* _Problem details_
Copy the lines below, please, starting with the one that contains "https://crown-guest-house.it-tuscanyhotel.com" and ending with the last. Pictures stay out.

Segment Start: Given records

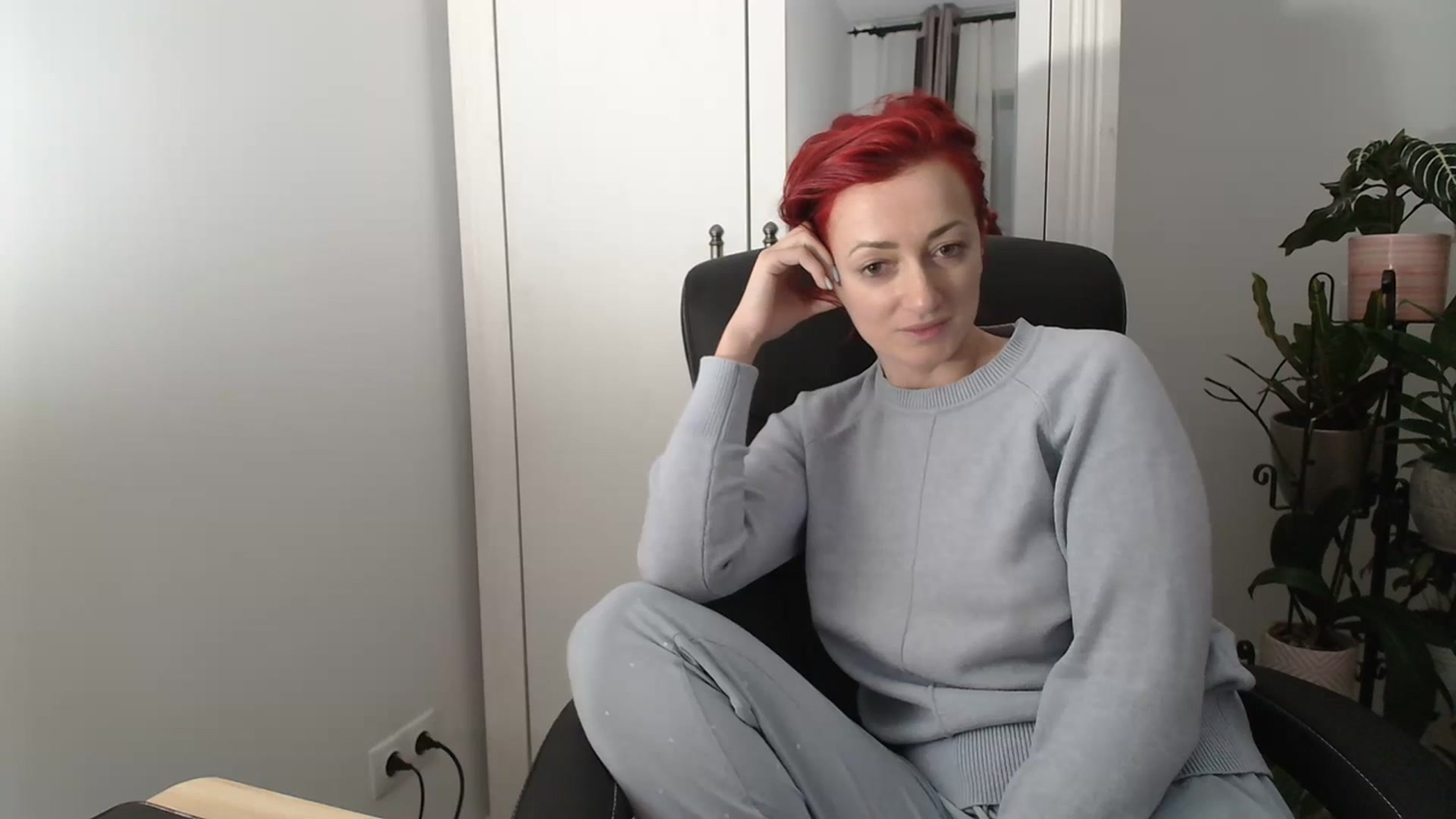Gallery image thumbnail from AryaS's myfreecams stream on, 03/25/2024, 20:32 image 6 of 20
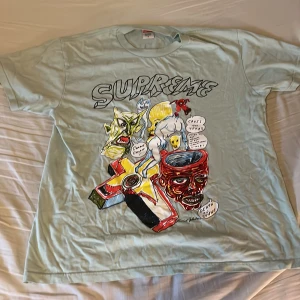 Supreme tee - Storlek M inte använd på flera år köpte den på drop o kan slänga in en sticker om d önskas :)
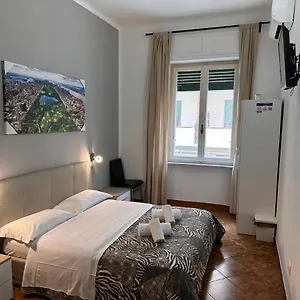 https://crown-guest-house.it-tuscanyhotel.com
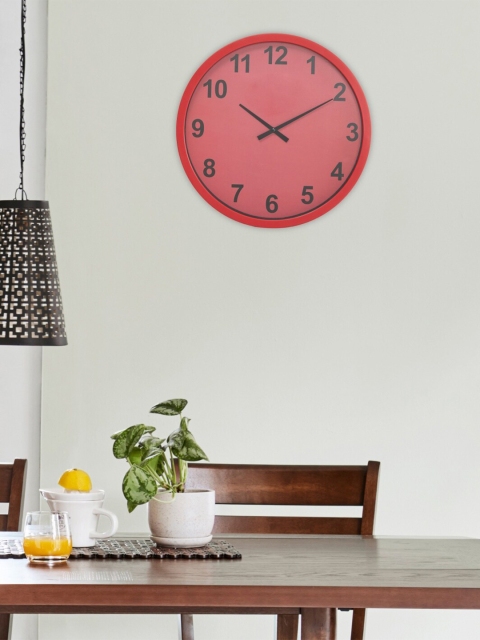 

Home Centre Red & Black Vintage Wall Clock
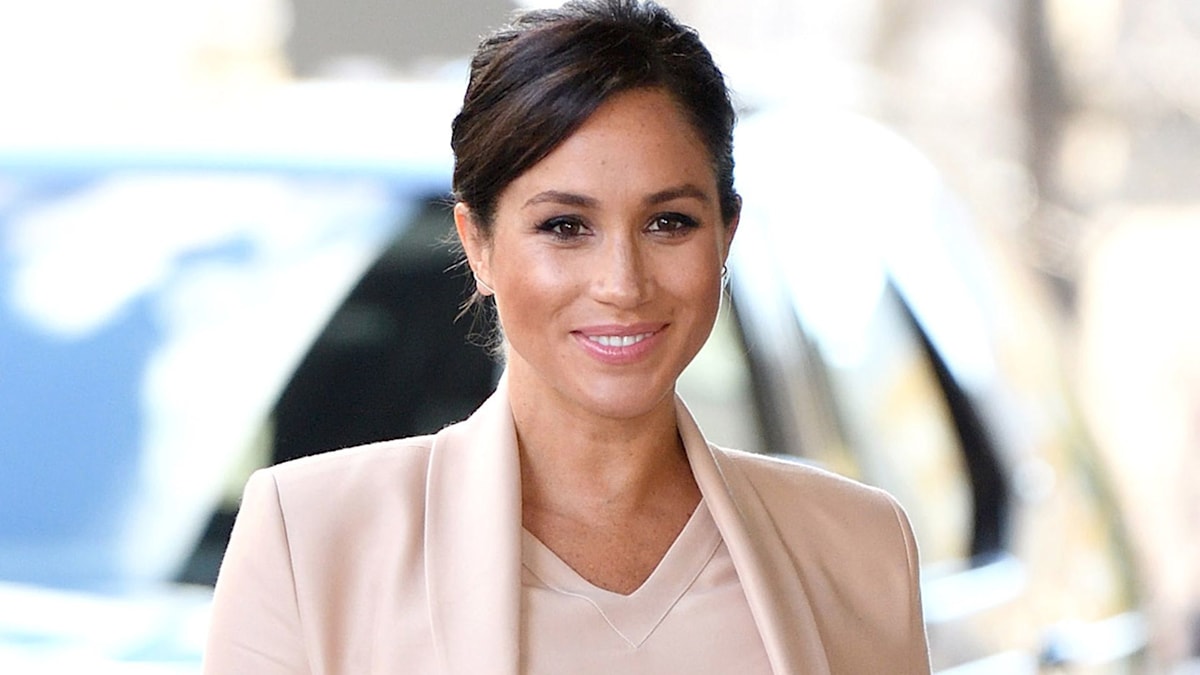 Meghan Markle just wore a pair of H&M maternity jeans and you won't believe  the price tag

Segment End: Given records

* _Answer box_
 https://crown-guest-house.it-tuscanyhotel.com

Home Centre Red & Black Vintage Wall Clock
 Meghan Markle just wore a pair of H&M maternity jeans and you won't believe  the price tag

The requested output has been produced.